BRIEF DESCRIPTION OF THE DRAWINGS
[0012] The subject matter that is regarded as the invention is
particularly pointed out and distinctly claimed in the claims at
the conclusion of the specification. The foregoing and other
objects, features, and advantages of the invention are apparent
from the following detailed description taken in conjunction with
the accompanying drawings in which:
[0013] FIG. 1 illustrates a side view of an improved armored
personnel carrier in accordance with an exemplary embodiment of the
invention;
[0014] FIG. 2 illustrates another side view of the improved armored
personnel carrier in accordance with another exemplary embodiment
of the invention;
[0015] FIG. 3 illustrates a rear view of the improved armored
personnel carrier of FIG. 1 in accordance with an exemplary
embodiment of the invention;
[0016] FIG. 4 illustrates a rear view of the improved armored
personnel carrier of FIG. 2 in accordance with an exemplary
embodiment of the invention;
[0017] FIG. 5 illustrates a front view of an air-intake of the
improved armored personnel carrier in accordance with an exemplary
embodiment of the invention;
[0018] FIG. 6 illustrates a cross-sectional view of the air-intake
of FIG. 5 in accordance with an exemplary embodiment of the
invention;
[0019] FIG. 7 illustrates an side view of an improved armored
personnel carrier in accordance with another exemplary embodiment
of the invention;
[0020] FIG. 8 illustrates a cross-sectional view of the improved
armored personnel carrier of FIG. 7 in accordance with an exemplary
embodiment of the invention; and
[0021] FIG. 9 illustrates a cross-sectional view of an armored
panel in accordance with an exemplary embodiment of the
invention.
[0022] The detailed description explains the preferred embodiments
of the invention, together with advantages and features, by way of
example with reference to the drawings.
DETAILED DESCRIPTION OF THE INVENTION
[0023] The present invention is an improved armored personnel
carrier that is designed to better handle the challenges presented
in a variety of hazardous conditions. Such conditions may relate to
unsafe urban situations, police actions, military activities, and
battlefields, such as the current situation in Iraq. While much of
the present disclosure describes challenges faced in war
environments, those skilled in the art will recognize that the
scope of the present invention is not so limited.

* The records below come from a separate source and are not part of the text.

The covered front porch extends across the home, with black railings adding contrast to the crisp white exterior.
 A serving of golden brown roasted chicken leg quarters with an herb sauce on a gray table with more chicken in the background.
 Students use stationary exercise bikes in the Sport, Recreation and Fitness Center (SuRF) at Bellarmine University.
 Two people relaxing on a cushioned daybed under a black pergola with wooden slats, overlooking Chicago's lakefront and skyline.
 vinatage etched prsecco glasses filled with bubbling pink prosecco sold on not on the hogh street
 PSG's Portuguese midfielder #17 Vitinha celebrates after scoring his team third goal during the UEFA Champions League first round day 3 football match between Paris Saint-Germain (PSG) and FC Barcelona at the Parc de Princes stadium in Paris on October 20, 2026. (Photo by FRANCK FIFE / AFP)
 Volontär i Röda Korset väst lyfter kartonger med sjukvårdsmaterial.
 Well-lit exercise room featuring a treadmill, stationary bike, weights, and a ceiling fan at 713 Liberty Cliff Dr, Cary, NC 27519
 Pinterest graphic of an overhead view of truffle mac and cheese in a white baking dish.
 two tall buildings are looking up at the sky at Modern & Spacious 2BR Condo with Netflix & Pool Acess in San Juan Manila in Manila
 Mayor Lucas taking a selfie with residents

[0024] The APC described herein has a generally diamonded shaped
hull, e.g., the sides of the hull are substantially non-vertical
surfaces. The angled sides of the hull are designed to minimize the
impact of lateral fire on the hull and to reduce the impact of a
roadside bomb on the APC. For example, the diamonded shaped hull
deflects lateral fire impacting the sides of the APC and also
directs blast forces emanating from beneath the hull away from the
hull of the armored personnel carrier. By deflecting blast forces
emanating from beneath the hull the diamond shaped design minimizes
the impact that roadside bombs have on the APC and reduces the
chances that the APC will flip over from a roadside bomb
attack.
[0025] Referring now to FIG. 1, a side view of an improved armored
personnel carrier 100 in accordance with an exemplary embodiment of
the present invention is illustrated. The APC 100 includes a hull
102 mounted on a frame 104 that is supported by wheels 106. The
hull 102 includes several armored panels 108 that completely encase
the APC 100. In exemplary embodiments, the armored panels 108 are
designed to encase the engine compartment, the passenger
compartment, and the undercarriage of the APC 100. The front of the
APC 100 includes an air intake 110 that is designed to allow air
into the engine compartment while preventing ammunition and other
debris from entering the engine compartment.
[0026] In exemplary embodiments, the hull 102 may include a
plurality of windows 112 that are made of a suitably durable
material to withstand impact from munitions and other projectiles.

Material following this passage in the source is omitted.